While low-cost carriers have been responsible for a huge increase in destinations in Europe, they have had little impact on traffic growth and have failed to extend air travel to lower-income groups, the study says.

Although the number of leisure passengers on a wide range of incomes has grown, the majority of this increase has come from those in middle and higher socio-economic groups, according to the study. Most flying is still done by people in such categories, the report says.

The statistics however showed a greater propensity to travel among business people on middle-ranking incomes of between £34,500 to £45,999.

The data revealed that the budget airlines now carry nearly half of all UK short-haul passengers. A decade ago, the proportion amounted to a few per cent.

Authority officials said that the average rate of growth of short-haul traffic is little different to that before the arrival of no-frills airlines. Most of the custom enjoyed by the budget carriers seems to have been at the expense of other airlines, they said.

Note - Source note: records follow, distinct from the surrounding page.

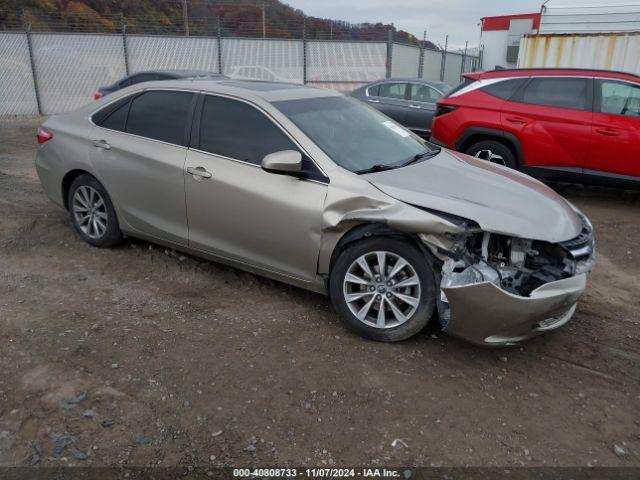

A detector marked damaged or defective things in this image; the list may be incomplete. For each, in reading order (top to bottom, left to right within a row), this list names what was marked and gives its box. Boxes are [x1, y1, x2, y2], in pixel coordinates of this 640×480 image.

damaged gold sedan [35, 80, 596, 346]
damaged front bumper [442, 272, 588, 346]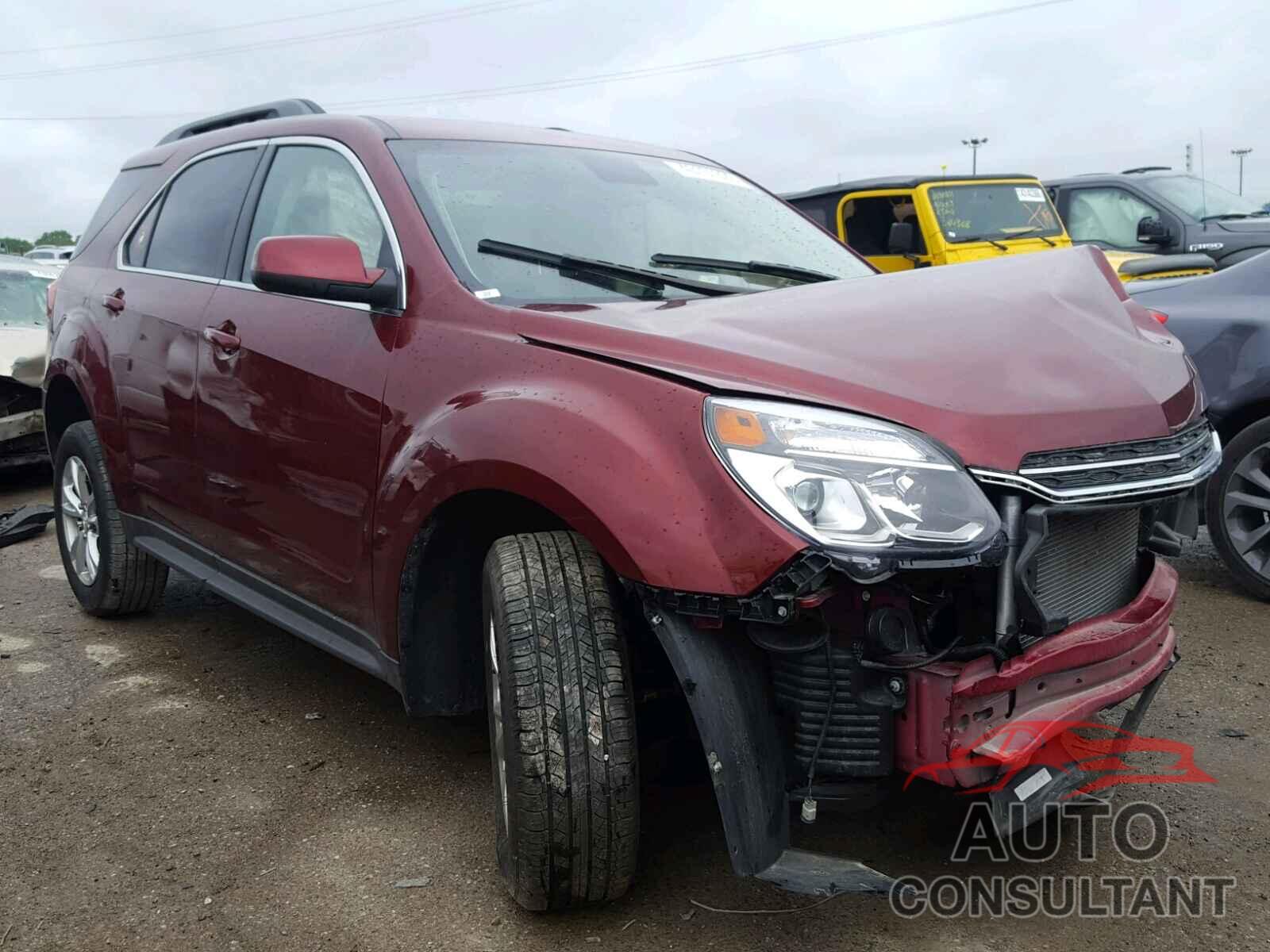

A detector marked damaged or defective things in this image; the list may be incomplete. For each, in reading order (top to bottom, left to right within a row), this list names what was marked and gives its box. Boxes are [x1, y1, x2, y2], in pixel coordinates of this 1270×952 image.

damaged red suv [47, 100, 1219, 914]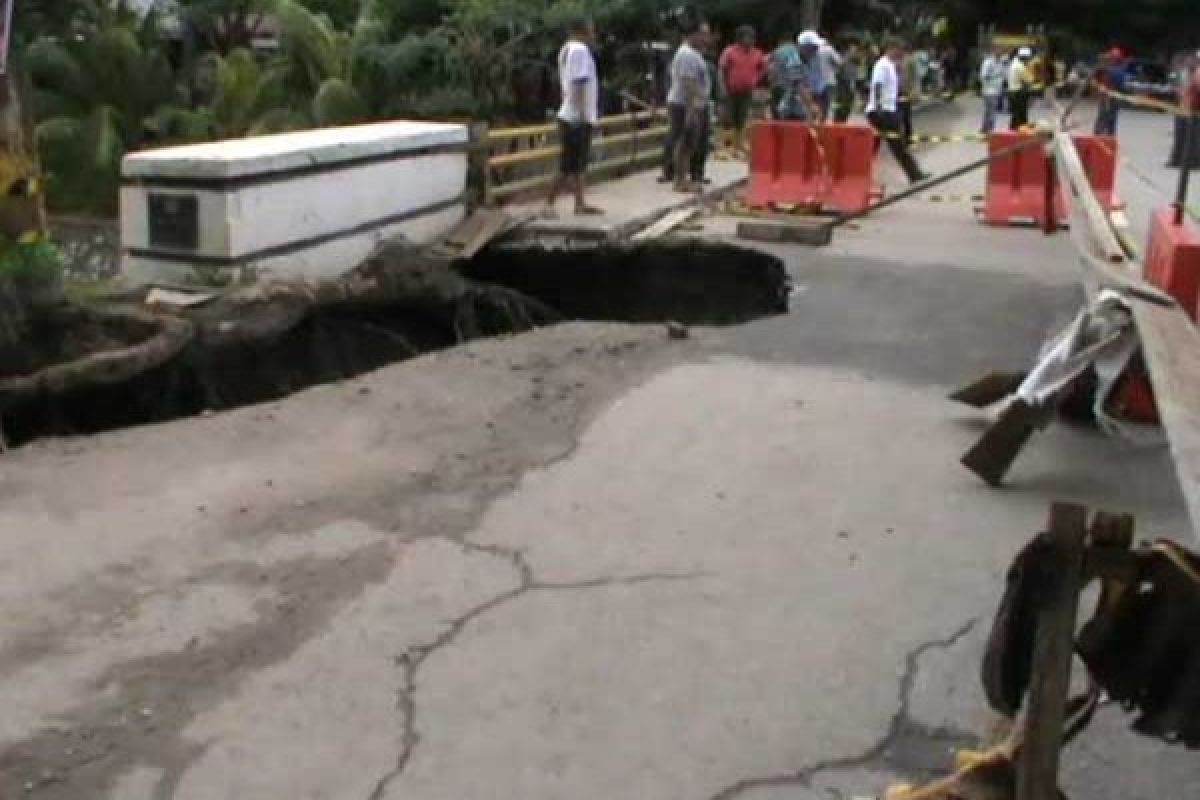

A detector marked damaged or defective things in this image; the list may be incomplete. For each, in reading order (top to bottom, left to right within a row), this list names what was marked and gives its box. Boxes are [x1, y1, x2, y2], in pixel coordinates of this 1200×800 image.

damaged road surface [2, 200, 1200, 792]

Authority officials said while fares on many routes had come down, the total market did not seem to be price-sensitive. The CAA said the growth in personal income was a more significant factor in fuelling the increase in air travel and that the price of a flight was often a tiny proportion of the cost of a foreign trip.

The CAA's economic regulation director, Dr Harry Bush, said: "No-frills airlines have enormously increased the range of fare, route, destination and departure choices available to the travelling public.

"The emergence of no-frills airlines and the response of other airlines to this has benefited passengers generally, and has demonstrated the advantages of opening aviation markets to competition.

"However, no-frills airlines do not appear to have significantly altered overall traffic growth, nor have they substantially changed the profile of those flying."

The CAA figures point to a huge increase in the number of flights between Poland and Britain, evidence of the massive increase in Poles working in the UK. In 2000, there were only five scheduled daily services between here and Poland - today there are 27.

A spokesman for Ryanair said the report made it clear the regions had experienced particular growth which has benefited local economies in Britain and on the Continent. He said the CAA analysis of non-business travel was based mainly on leisure customers, and did not fully reflect those who were visiting friends and relatives which would show a greater growth in lower-income customers.